Overall, probably the most crucial factor in developing a successful C-L practice is the quality of your relationships with the referring medical staff. It is crucial to be able to understand their perspective and their needs – often including significant pressure to “get that behavioral patient off our unit/out of my office.”
Some will value psychological services right from the start, but some will need to be educated about what we can realistically provide, how we are different from psychiatrists and other mental health professionals and the unique skills that we offer – how we add value to the patient’s treatment.

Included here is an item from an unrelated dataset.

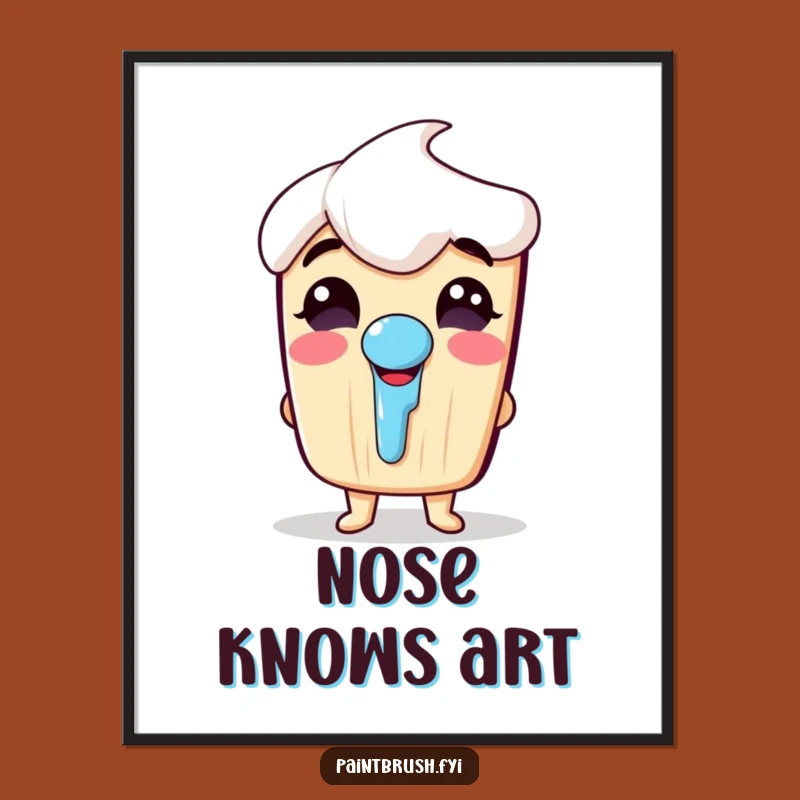 Funny Giggling Paintbrush Digital Print: Instant Artistic Laughter for Your Walls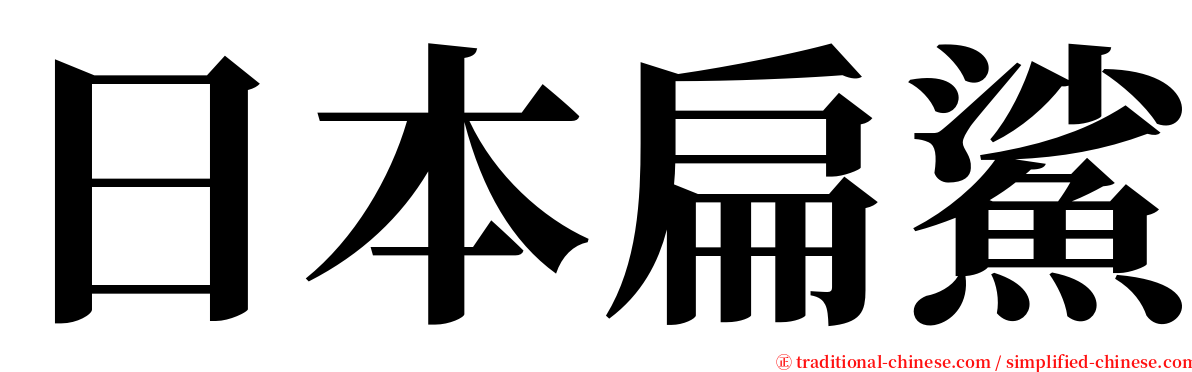 日本扁鯊 serif font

It also helps to be willing to learn, and there is always something to learn in a typical C-L practice. There is an emerging body of research that supports the benefits of a mind-body approach to treating many common medical conditions, but it can be challenging to keep up.
There are many obscure or complex medical diseases (MDs and medical staff are often interesting in talking about them and helping the C-L consultant with their medical knowledge). And, working with people from diverse cultures and different stages of life may challenge you to diversify your own skills.
To summarize, it will take time to cultivate relationships with the medical team and to establish a reputation for adding value with C-L services. For a hospital-based practice, you probably will need to cultivate a relationship with a physician or administrator willing to “sponsor” you to be credentialed by the hospital.
Whatever the practice setting, developing a C-L practice can be challenging but can both add to diversity to your practice and allow you to make significant contributions to the care of people in need – many of whom are experiencing a life-threatening or life-changing crisis – which can be very rewarding.